### Work to be completed:
All of the records below need to be written out exactly, but without the pictures.
*** Excerpted records ***
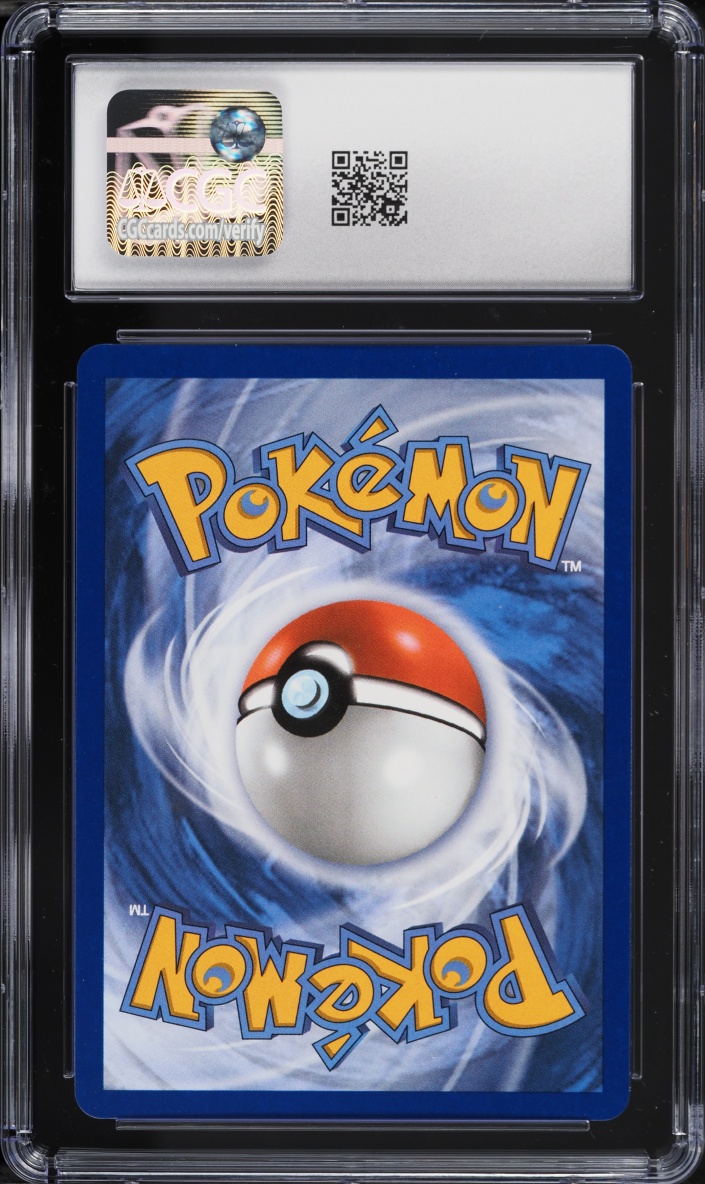 2025 Pokemon Mega Evolution Phantasmal Flames Full Art Sacred Charm #122 CGC 10 GEM MINT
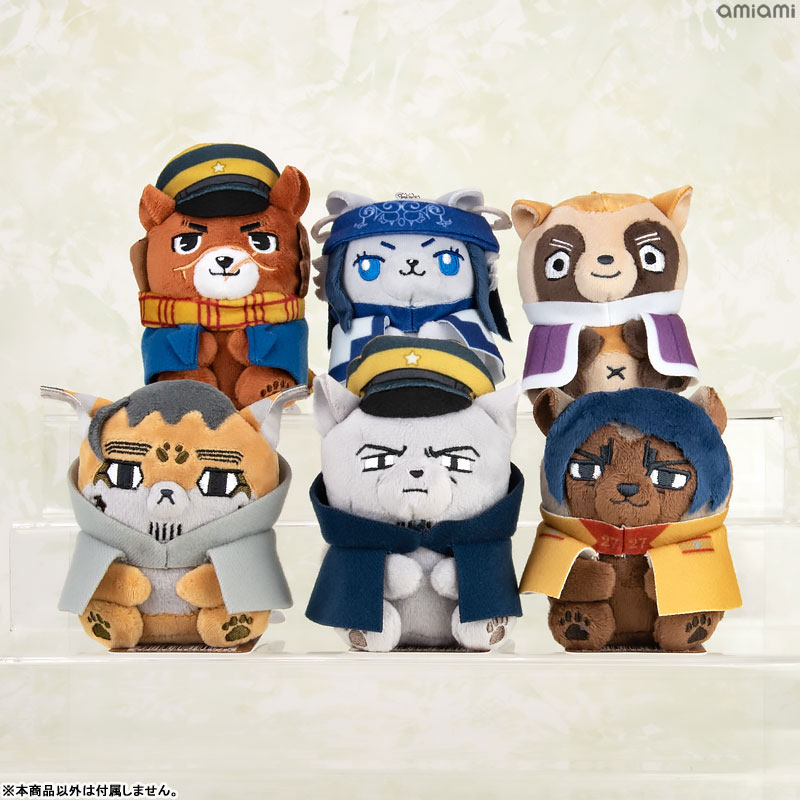 Golden Kamuy Doubutsu Phose Mascot 4. Hyakunosuke Ogata(Pre-order)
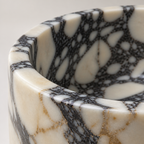Calacatta Viola Marble Sculpted Vessel Sink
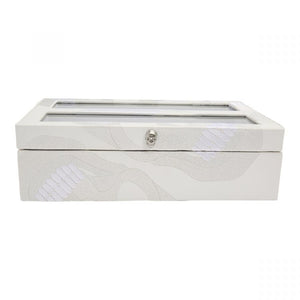 Watch Box - Memento Mori White-2-Watch Box Studio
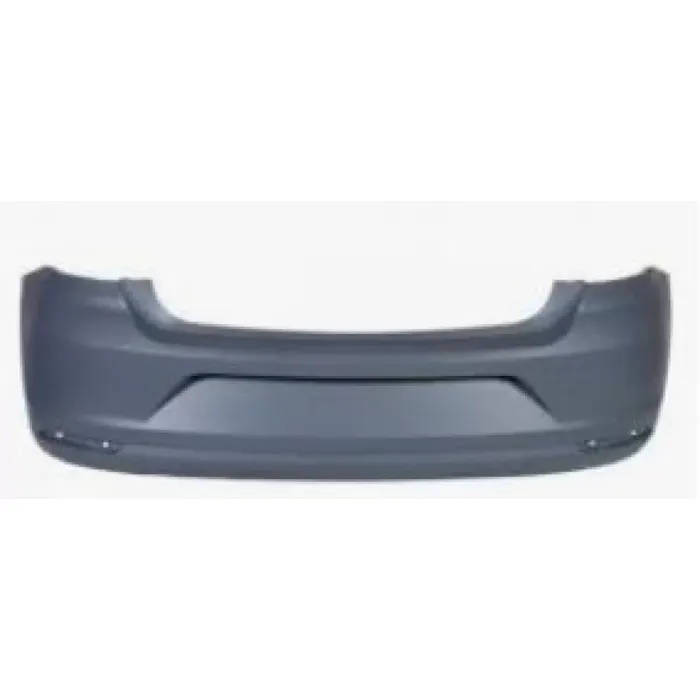 Arka Tampon Astarli Kucuk Eksoz Delikli Polo 14> | GORDON 2407S | OEM 6C6807421 GRU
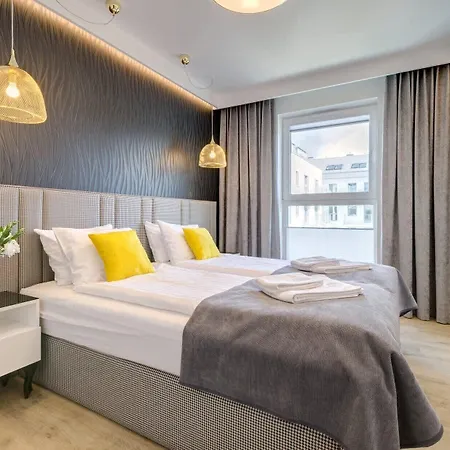 Angielska Grobla Q4apartments غدانسك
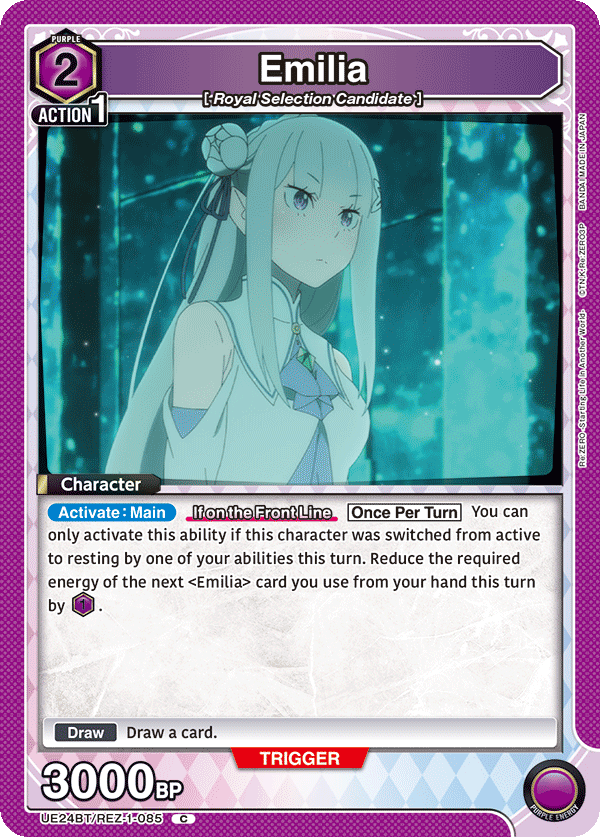 Emilia UE24BT/REZ-1-085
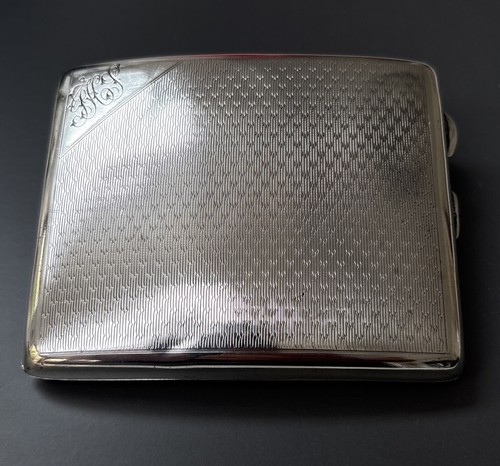 Sterling silver 1931 cigarette - sterling,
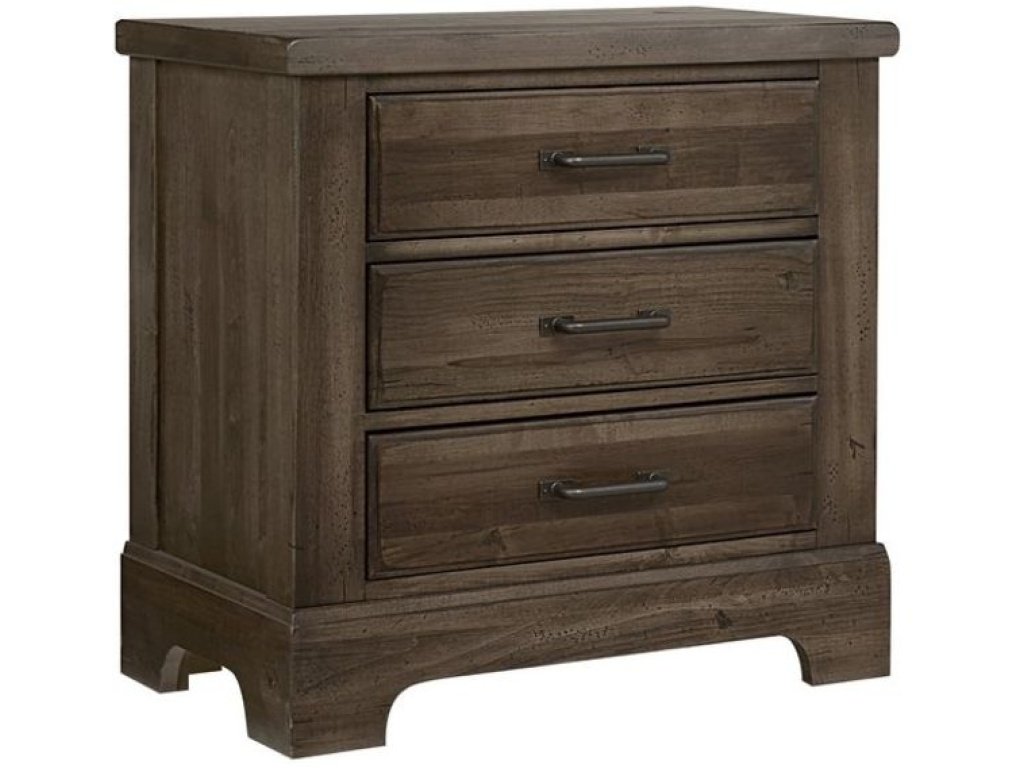 Nightstand - 3 Drawers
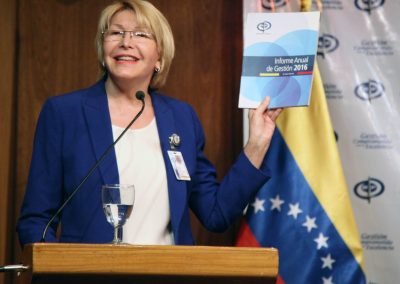 MP redujo en 31% las acusaciones por corrupción en 2016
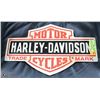 Image 1 : NEW HARLEY-DAVIDSON MOTORCYCLES METAL SIGN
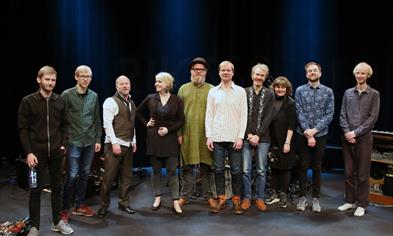 Frode Haltli Avant Folk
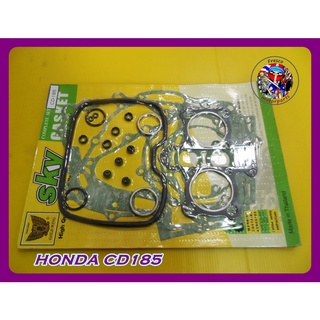 ปะเก็น HONDA CD185 Gasket Complete Set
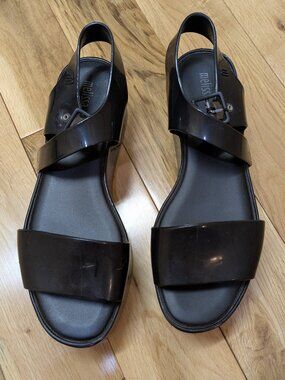 Melissa Mar Platform Black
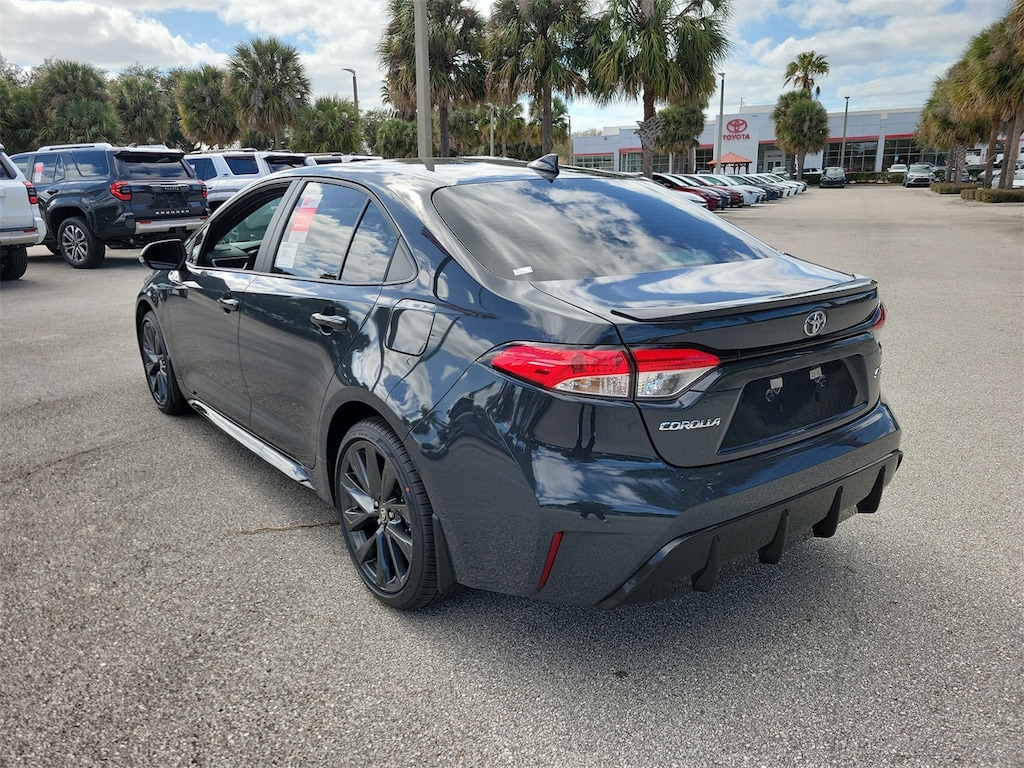 New 2026 Toyota Corolla SE Sedan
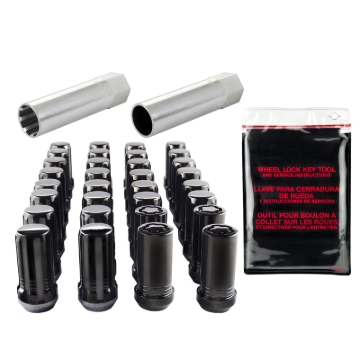 Picture of McGard MCG SplineDrive Install Kits Lug Nuts - 65830BK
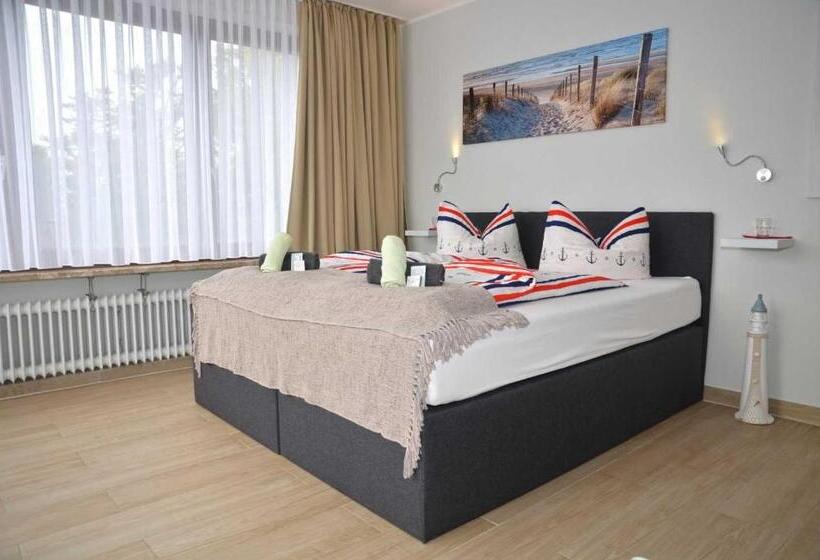 اتاق استاندارد چهار تخته, Neptuns Ankerplatz & Zur Seerobbe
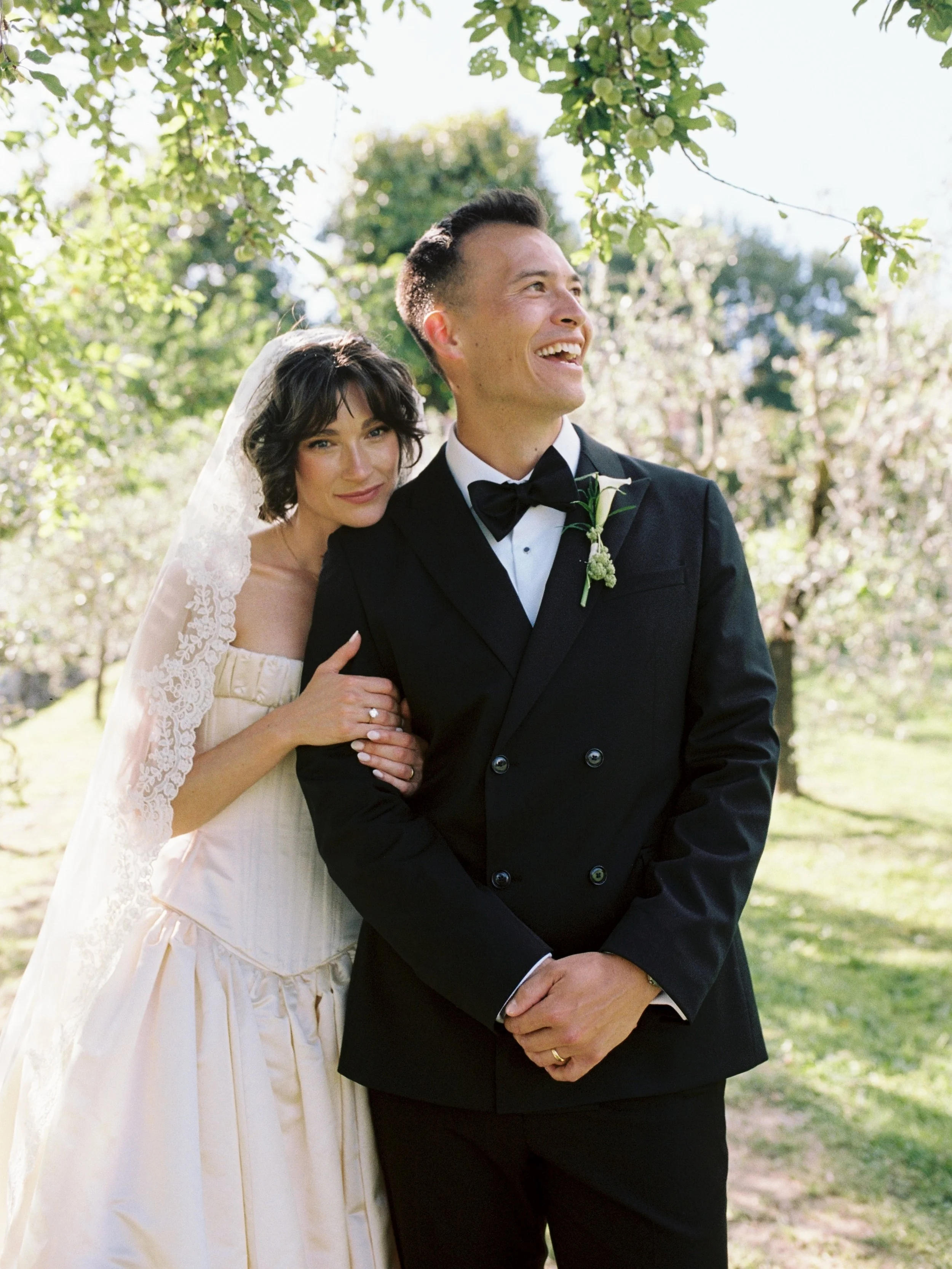 Some 35mm frames from this blissful wedding in the Tuscan hills overlooking the town of Barga.

Film wedding photographer @sarahjoylandonphoto 
Venue &amp; catering @icedriresort 
Gown @immorallondon 
Shoes @biancofootwear 
Florist @rebelrebele8 @reb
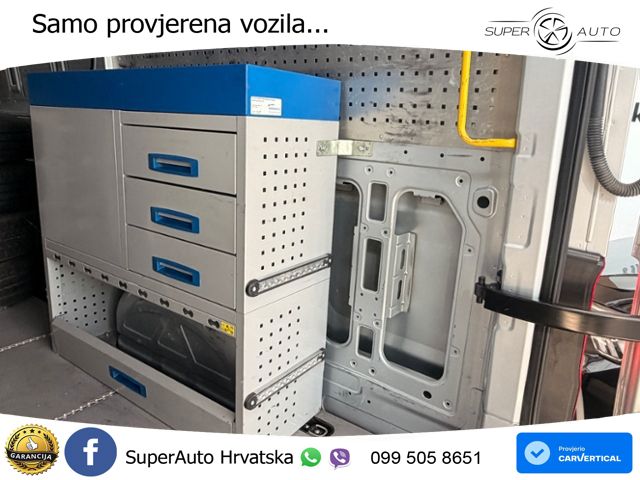Volkswagen Crafter Kasten 35 Trendline TDI MR REGAL KLIMA P 140 KS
*** End of Excerpted records ***
### Answer area:
 2025 Pokemon Mega Evolution Phantasmal Flames Full Art Sacred Charm #122 CGC 10 GEM MINT
 Golden Kamuy Doubutsu Phose Mascot 4. Hyakunosuke Ogata(Pre-order)
Calacatta Viola Marble Sculpted Vessel Sink
 Watch Box - Memento Mori White-2-Watch Box Studio
 Arka Tampon Astarli Kucuk Eksoz Delikli Polo 14> | GORDON 2407S | OEM 6C6807421 GRU
 Angielska Grobla Q4apartments غدانسك
 Emilia UE24BT/REZ-1-085
 Sterling silver 1931 cigarette - sterling,
 Nightstand - 3 Drawers
 MP redujo en 31% las acusaciones por corrupción en 2016
 Image 1 : NEW HARLEY-DAVIDSON MOTORCYCLES METAL SIGN
 Frode Haltli Avant Folk
 ปะเก็น HONDA CD185 Gasket Complete Set
 Melissa Mar Platform Black
 New 2026 Toyota Corolla SE Sedan
 Picture of McGard MCG SplineDrive Install Kits Lug Nuts - 65830BK
 اتاق استاندارد چهار تخته, Neptuns Ankerplatz & Zur Seerobbe
 Some 35mm frames from this blissful wedding in the Tuscan hills overlooking the town of Barga.

Film wedding photographer @sarahjoylandonphoto 
Venue &amp; catering @icedriresort 
Gown @immorallondon 
Shoes @biancofootwear 
Florist @rebelrebele8 @reb
Volkswagen Crafter Kasten 35 Trendline TDI MR REGAL KLIMA P 140 KS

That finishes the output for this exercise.